_PROVIDED DATA_:
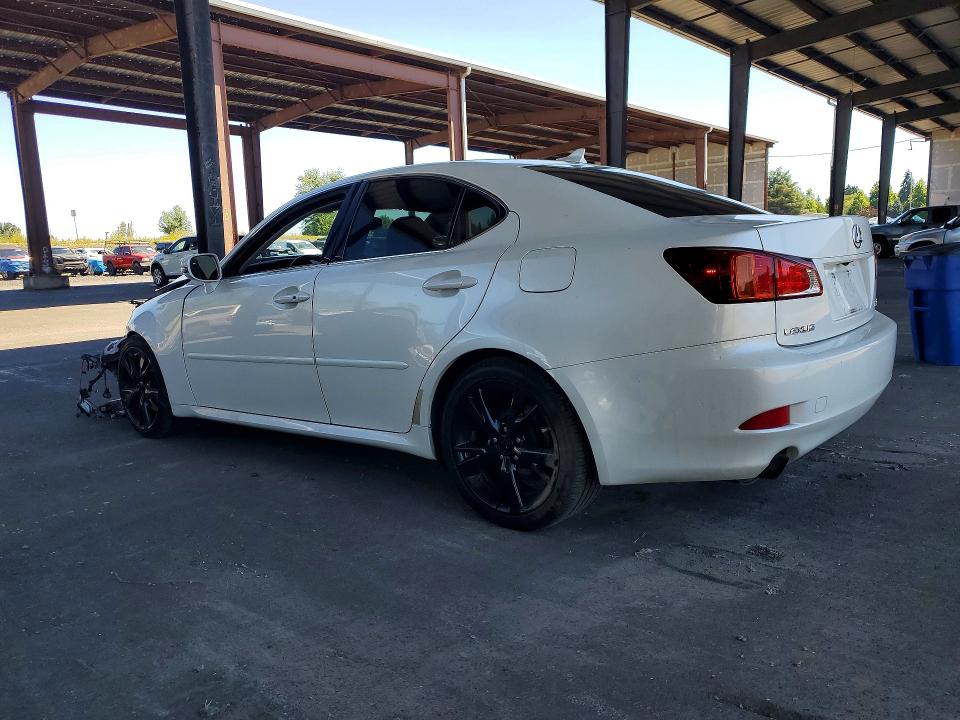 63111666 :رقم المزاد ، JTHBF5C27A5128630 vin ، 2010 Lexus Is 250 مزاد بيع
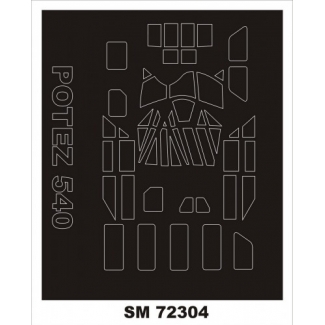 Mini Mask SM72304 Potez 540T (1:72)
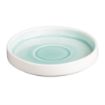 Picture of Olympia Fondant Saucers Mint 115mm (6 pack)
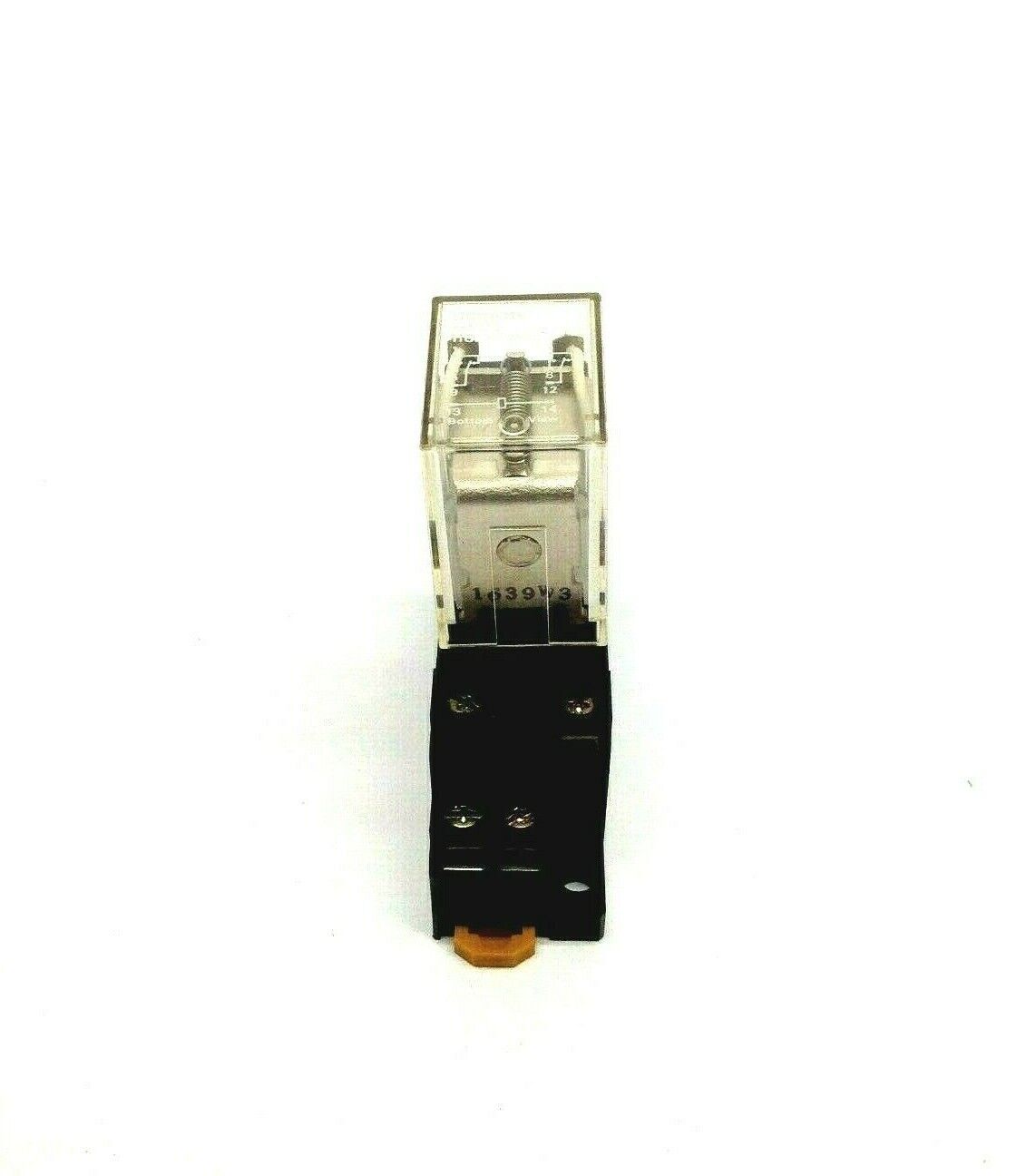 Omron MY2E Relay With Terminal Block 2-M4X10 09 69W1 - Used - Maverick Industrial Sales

_DIRECTIONS FOR THIS TASK_: In your reply, please print exactly the lines from the one with "Picture of Olympia" through the final line of the listing above, both included, and no pictures.

_FINISHED TASK_:
 Picture of Olympia Fondant Saucers Mint 115mm (6 pack)
 Omron MY2E Relay With Terminal Block 2-M4X10 09 69W1 - Used - Maverick Industrial Sales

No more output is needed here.